The Sixth Circuit had already reached this conclusion before Sabri was decided. See United States v. Dakota, 197 F.3d 821, 826 (6th Cir. 1999) (rejecting the defendant's argument that "18 U.S.C. § 666 requires that the government demonstrate a nexus between the alleged bribes and the federal funding received by [the Keweenaw Bay Indian Community];" observing that in United States v. Valentine, 63 F.3d 459 (6th Cir. 1995), [the Sixth Circuit] construed another provision of § 666 and found that the statute requires no relationship between the illegal activity and the federal funding," and thus affirmed the district court's decision that "18 U.S.C. § 666 does not require a nexus between the alleged bribes and the federal funding received by KBC.").
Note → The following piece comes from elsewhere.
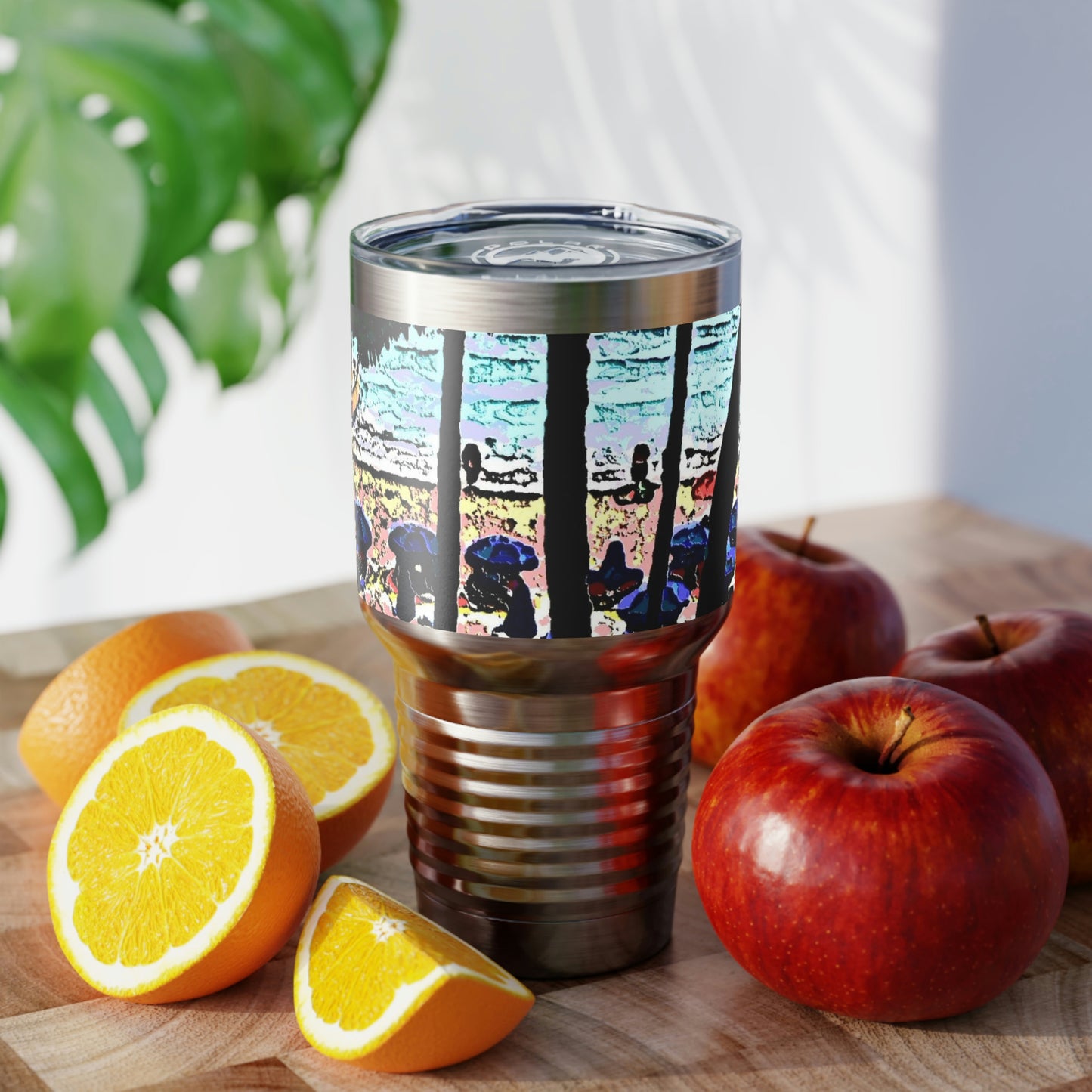 Ringneck Tumbler, 30oz ... "A Beautiful Beach Amongst The Palms" ... The Outrigger Waikiki, Honolulu, Oahu ... Original Works ...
Defendants' argument that Valentine holds otherwise is mistaken.
Finally, Defendants' reliance on a Ninth Circuit decision from 1993 is misplaced. Citing United States v. Wyncoop, 11 F.3d 119 (9th Cir. 1993), Defendant Beasley argues that, absent an allegation and proof that the City's Pension Systems directly received $10,000 in federal funds in any one-year period, the government cannot successfully bring charges under 18 U.S.C. § 666. The decision in Wyncoop does not support that argument. Rather, consistent with the decisions discussed above, the Wyncoop court acknowledged that "in order to obtain jurisdiction of a defendant under section 666, the government need not prove that the funds actually stolen by the defendant were of federal origin. So long as the defendant is an agent of an organization that receives more than $10,000 in federal benefits in a given year, it is not necessary that the particular funds stolen be among those `benefits.'" Id. at 122. The defendant's conviction in Wyncoop was reversed because he "was employed by an entity that never received any federal funds under the [federallysubsidized] loan programs" at issue. Rather, the defendant's employer, Trend College, "received only the indirect benefits associated with increased enrollment of students receiving private loans induced by guarantees to the private lenders." Id. Thus, the Wyncoop court concluded, to apply § 666 to the defendants embezzlement of about "$65,000 from Trend College, a private technical school where he was employed," stretched § 666 beyond its intended purpose. Id. at 120, 122-23. Defendant Beasley cannot make the same arguments here that persuaded the Wyncoop court to determine that 18 U.S.C. § 666 did not apply to the defendant's embezzlement crime.
For the above-stated reasons, Defendants Beasley's and Dixon's motions to dismiss Counts 7 and 8 of the Indictment are DENIED.